Re: Configuring BLCKSZ and XLOGSEGSZ (in 8.3)

From
Tom Lane
Date:
"Simon Riggs" <simon@2ndquadrant.com> writes:
> On Mon, 2006-11-27 at 22:08 +0100, Peter Eisentraut wrote:
>> He increased the WAL segment size from 16 MB to 256 MB.  Without any 
>> further information about the system configuration, that seems to be 
>> mostly equivalent to increasing the number of checkpoint segments.

> On a busy system you can switch WAL segments every few seconds at 16MB.
> Fsync can freeze commits for more than a second, so raising the segment
> size reduces the fsync overhead considerably.

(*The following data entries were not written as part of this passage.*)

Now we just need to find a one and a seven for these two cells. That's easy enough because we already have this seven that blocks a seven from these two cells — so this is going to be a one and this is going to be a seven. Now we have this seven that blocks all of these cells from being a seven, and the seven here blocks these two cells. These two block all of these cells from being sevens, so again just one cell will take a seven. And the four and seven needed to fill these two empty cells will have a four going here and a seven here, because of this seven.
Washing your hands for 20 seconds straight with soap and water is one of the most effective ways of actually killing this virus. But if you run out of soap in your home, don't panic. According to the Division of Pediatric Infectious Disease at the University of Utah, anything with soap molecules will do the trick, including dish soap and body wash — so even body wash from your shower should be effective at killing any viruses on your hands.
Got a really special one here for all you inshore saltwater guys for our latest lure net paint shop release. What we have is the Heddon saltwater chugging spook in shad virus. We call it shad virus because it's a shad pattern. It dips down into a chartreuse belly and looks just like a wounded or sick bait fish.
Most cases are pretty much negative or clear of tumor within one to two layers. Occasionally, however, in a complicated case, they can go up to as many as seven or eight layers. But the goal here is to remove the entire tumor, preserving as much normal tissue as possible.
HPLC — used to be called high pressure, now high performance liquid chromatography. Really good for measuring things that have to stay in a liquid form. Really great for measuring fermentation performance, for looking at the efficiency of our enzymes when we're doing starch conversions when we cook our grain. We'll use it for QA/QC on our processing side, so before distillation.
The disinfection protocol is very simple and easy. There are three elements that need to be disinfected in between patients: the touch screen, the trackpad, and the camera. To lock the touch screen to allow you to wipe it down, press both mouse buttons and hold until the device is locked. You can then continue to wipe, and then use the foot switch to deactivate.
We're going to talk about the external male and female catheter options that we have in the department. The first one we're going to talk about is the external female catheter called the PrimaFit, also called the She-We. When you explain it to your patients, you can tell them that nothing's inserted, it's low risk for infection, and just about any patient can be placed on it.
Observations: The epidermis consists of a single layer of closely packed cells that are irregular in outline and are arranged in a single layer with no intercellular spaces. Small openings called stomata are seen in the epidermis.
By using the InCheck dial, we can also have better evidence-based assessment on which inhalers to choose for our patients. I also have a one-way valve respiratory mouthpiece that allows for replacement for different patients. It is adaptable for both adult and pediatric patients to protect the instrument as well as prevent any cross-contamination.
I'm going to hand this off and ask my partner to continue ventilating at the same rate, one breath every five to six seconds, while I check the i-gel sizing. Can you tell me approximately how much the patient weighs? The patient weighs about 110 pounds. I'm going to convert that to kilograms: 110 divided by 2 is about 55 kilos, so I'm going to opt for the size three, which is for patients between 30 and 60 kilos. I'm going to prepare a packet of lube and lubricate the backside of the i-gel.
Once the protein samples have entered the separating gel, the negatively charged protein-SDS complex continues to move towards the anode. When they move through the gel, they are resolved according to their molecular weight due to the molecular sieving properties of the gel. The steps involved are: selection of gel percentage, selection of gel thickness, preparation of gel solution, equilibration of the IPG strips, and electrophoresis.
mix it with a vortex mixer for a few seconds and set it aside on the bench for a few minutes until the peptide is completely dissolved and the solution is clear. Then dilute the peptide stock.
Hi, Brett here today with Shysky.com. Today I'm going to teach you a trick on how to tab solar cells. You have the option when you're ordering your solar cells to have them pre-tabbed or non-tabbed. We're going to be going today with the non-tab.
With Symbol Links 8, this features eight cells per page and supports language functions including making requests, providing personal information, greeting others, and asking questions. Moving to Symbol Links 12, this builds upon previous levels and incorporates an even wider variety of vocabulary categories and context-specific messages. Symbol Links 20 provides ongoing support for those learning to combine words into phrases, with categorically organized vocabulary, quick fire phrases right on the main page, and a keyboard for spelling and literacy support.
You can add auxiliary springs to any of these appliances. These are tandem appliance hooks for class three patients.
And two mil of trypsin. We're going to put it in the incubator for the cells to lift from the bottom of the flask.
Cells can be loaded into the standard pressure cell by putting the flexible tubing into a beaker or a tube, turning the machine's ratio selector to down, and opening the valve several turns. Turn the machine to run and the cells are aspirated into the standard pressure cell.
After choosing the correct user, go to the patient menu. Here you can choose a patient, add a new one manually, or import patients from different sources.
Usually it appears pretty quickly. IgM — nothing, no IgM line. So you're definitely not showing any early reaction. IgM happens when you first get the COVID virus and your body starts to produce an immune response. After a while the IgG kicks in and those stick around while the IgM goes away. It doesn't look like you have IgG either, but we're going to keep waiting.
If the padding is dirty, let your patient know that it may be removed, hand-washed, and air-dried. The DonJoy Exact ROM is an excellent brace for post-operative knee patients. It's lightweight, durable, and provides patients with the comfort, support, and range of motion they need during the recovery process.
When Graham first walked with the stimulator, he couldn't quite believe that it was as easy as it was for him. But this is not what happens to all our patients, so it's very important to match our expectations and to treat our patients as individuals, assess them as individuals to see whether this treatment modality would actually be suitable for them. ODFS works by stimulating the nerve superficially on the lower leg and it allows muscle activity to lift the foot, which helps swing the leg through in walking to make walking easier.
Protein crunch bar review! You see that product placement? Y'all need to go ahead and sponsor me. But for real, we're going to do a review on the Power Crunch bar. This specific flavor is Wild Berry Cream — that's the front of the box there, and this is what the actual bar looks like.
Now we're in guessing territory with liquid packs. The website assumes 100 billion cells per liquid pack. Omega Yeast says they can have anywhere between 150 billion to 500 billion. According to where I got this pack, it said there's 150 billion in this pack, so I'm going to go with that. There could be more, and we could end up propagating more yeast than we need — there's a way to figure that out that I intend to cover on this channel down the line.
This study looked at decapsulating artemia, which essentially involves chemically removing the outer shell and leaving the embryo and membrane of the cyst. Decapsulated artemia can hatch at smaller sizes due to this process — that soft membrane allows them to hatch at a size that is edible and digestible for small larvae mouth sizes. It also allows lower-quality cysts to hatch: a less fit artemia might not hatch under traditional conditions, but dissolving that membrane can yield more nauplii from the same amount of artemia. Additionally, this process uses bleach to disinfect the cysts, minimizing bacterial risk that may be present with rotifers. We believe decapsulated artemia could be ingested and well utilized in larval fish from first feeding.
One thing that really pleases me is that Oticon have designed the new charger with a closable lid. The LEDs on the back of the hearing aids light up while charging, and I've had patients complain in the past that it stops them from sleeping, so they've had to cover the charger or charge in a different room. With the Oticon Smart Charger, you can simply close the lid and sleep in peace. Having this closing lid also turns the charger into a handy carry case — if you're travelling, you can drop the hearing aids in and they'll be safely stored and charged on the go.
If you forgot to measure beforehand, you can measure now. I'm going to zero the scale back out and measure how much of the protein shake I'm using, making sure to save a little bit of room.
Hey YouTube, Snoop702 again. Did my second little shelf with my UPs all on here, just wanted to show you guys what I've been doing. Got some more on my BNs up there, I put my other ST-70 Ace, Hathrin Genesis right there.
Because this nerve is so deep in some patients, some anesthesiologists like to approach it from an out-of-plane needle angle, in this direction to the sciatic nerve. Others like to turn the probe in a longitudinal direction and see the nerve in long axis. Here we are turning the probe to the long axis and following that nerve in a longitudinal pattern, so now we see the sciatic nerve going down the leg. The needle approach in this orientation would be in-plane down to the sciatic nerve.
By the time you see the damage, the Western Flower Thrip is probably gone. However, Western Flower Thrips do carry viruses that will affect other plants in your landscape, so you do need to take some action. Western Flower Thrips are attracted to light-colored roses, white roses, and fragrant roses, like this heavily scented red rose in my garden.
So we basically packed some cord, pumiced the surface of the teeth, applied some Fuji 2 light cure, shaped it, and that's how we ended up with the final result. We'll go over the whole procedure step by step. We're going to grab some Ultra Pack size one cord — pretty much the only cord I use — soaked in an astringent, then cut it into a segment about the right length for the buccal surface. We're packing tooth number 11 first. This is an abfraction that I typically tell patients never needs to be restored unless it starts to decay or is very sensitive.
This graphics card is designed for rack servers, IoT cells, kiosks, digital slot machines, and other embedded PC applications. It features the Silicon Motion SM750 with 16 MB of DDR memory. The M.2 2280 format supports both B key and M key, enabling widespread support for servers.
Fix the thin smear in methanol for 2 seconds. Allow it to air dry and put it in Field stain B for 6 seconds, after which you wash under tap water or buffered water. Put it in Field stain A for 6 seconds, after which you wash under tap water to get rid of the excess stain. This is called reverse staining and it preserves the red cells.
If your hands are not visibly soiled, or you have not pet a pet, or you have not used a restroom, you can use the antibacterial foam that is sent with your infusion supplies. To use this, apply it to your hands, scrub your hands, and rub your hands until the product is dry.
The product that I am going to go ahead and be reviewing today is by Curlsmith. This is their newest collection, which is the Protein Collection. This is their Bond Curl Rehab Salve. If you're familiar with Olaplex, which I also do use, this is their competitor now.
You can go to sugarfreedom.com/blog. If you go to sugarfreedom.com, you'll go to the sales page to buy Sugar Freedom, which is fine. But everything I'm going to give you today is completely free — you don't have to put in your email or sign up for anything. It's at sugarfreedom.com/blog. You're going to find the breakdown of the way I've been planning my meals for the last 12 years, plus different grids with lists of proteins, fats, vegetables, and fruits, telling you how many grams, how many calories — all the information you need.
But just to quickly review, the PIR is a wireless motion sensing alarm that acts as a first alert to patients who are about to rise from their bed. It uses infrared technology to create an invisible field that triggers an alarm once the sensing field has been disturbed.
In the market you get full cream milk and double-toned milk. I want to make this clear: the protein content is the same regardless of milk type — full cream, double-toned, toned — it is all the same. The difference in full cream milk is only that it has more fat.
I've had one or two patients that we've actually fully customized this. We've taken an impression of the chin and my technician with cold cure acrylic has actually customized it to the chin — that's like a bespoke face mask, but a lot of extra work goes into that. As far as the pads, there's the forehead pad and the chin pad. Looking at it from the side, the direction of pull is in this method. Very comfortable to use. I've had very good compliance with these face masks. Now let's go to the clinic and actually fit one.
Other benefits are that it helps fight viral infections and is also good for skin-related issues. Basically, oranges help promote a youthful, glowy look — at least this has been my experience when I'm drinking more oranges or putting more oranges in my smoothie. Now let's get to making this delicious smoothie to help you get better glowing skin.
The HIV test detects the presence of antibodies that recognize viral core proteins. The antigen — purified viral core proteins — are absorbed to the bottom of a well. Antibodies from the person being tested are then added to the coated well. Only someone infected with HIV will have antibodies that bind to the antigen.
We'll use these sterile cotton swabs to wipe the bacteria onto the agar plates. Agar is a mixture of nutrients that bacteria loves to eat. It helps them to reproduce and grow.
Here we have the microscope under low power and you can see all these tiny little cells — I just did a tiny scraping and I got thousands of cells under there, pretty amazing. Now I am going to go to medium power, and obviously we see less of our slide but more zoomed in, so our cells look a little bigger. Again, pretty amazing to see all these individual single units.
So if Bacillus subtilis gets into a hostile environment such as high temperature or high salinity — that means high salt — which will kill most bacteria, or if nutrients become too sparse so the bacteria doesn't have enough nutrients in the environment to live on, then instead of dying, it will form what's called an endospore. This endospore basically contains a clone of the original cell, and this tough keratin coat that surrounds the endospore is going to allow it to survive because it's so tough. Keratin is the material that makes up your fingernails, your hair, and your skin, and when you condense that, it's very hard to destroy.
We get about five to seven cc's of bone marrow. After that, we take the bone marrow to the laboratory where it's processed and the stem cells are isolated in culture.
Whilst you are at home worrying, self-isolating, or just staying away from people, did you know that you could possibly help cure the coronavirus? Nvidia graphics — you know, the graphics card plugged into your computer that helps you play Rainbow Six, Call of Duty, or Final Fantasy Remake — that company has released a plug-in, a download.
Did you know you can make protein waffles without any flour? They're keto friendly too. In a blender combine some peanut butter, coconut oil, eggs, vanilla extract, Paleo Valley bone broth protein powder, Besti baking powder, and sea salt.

Sorry, but that's just handwaving.  The amount of data to be written for
any specific commit isn't going to change in the least if you change
XLOGSEGSZ --- it's still going to be whatever has been written since the
last commit.  I agree with Peter that the quoted Sun test appears to have
failed to control the frequency of checkpoints, and that that was what
really accounted for the performance change.  So he'd have gotten the
same result from increasing checkpoint_segments without bothering with
a change in XLOGSEGSZ.

I do note that XLogWrite() does this in the foreground path of control:
            * If we just wrote the whole last page of a logfile segment,            * fsync the segment immediately.
Thisavoids having to go back            * and re-open prior segments when an fsync request comes along            *
later.Doing it here ensures that one and only one backend will            * perform this fsync.
 

This coding predates the existence of the bgwriter; now that we have
that, it'd perhaps be interesting to try to put the burden on the
bgwriter instead.  (However, if a backend is trying to fsync a commit
record just after the segment switch, it'd have to wait for the previous
segment to be fsync'd anyway.  The complexity and likely performance
costs of arranging for that synchronization might outweigh any gains.)
In any case, the existence of this code isn't an argument for raising
XLOGSEGSZ, more the reverse --- the bigger the segment the more painful
the fsync is likely to be.

[ studies code a bit more... ]  I'm also wondering whether the forced
pg_control update at each xlog seg switch is worth its keep.  Offhand it
seems like the checkpoint pointer is enough; why are we maintaining
logId/logSeg in pg_control?
        regards, tom lane


Re: Configuring BLCKSZ and XLOGSEGSZ (in 8.3)

From
"Simon Riggs"
Date:
On Mon, 2006-11-27 at 18:26 -0500, Tom Lane wrote:

> Sorry, but that's just handwaving. 

Thats fine. I was responding to private comments that I was trying to
test things that had not been subject to community design. My response
was that the community would react badly if conjectures are discussed
without presenting firm performance evidence. Chicken and egg...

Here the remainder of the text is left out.